0 menit baca 0 %

Syafwan: Kompetisi Dilaksanakan Dalam Rangka Berdakwah Melalui Media yang Diminati Masyarakat

Ringkasan: Riau (Inmas) - Kompetisi Film Pendek Islami (KFPI) Provinsi Riau ajang kompetisi bersifat nasional yang penjaringannya dimulai dari Provinsi. Penjurian tersebut dikoordinir langsung oleh panitia pada Direktorat Penerangan Agama Islam Ditjen Bimbingan Masyarakat Islam Kementerian Agama.

Riau (Inmas) - Kompetisi Film Pendek Islami (KFPI) Provinsi Riau ajang kompetisi bersifat nasional yang penjaringannya dimulai dari Provinsi.

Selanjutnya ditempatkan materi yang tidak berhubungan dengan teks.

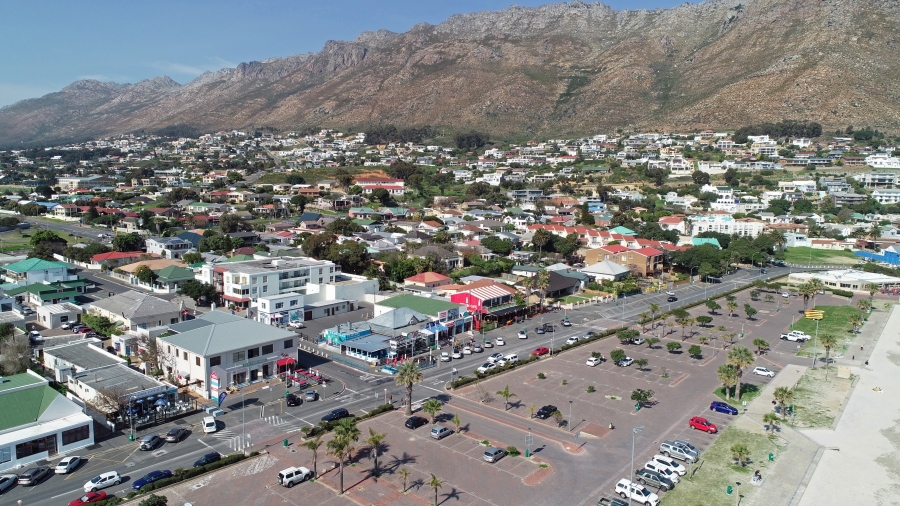 3 Bedroom Property for Sale in Gordons Bay Central Western Cape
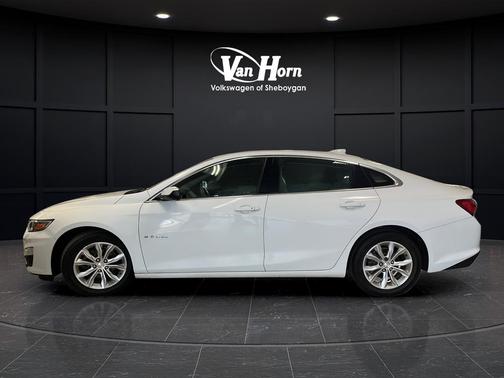 Summit White 2021 Chevrolet Malibu FWD LT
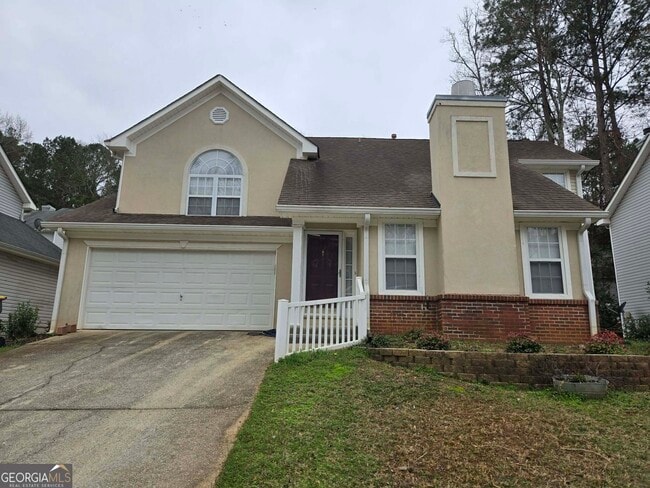 Building Photo - 642 N Fairfield Dr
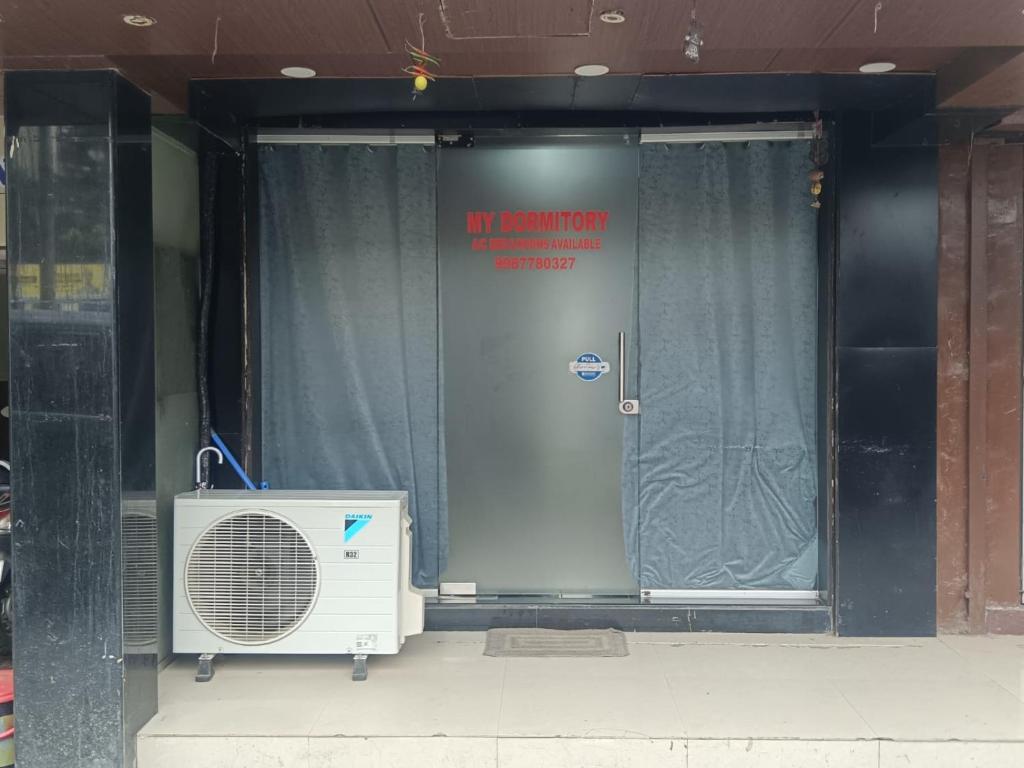 Imagine din galeria proprietății MY DORMITORY în Mumbai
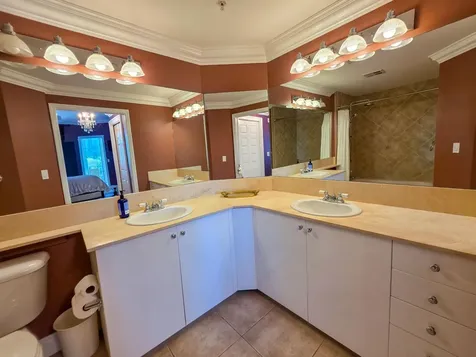 806 E Windward Way Lantana FL 33462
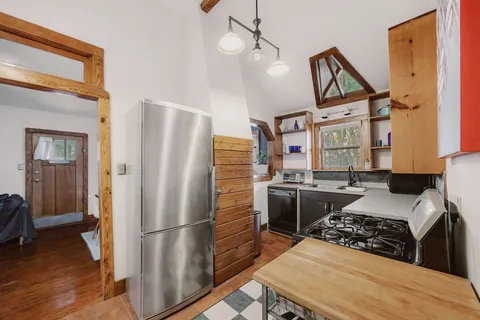 $615,000 | 2102 East 17th Street, Austin, TX 78702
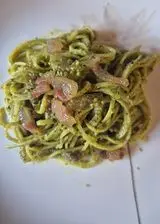 Ricetta Spaghetti gluten free al pesto di mandorle e noci con Speck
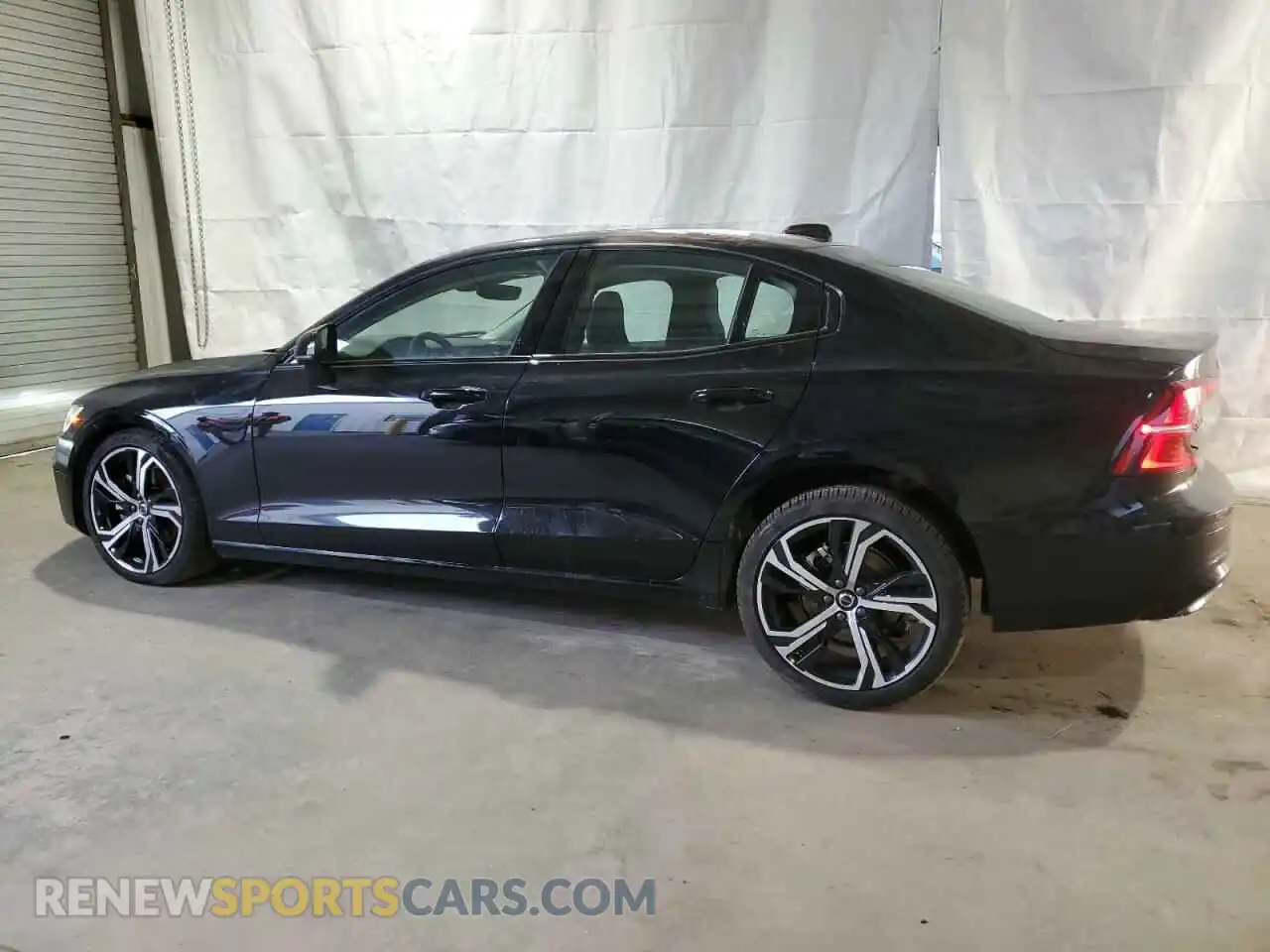 2 Photograph of a damaged car 7JRL12TK0RG322470 VOLVO S60 CORE 2024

Penjurian tersebut dikoordinir langsung oleh panitia pada Direktorat Penerangan Agama Islam Ditjen Bimbingan Masyarakat Islam Kementerian Agama.

Untuk Provinsi Riau penjurian KFPI tersebut berlangsung selama 2 hari sejak dibuka oleh Kepala Kantor Wilayah Kementerian Agama Prov. Riau yang diwakili Kabid Penerangan Agama Islam Zakat dan Wakaf Drs. H. Syafwan.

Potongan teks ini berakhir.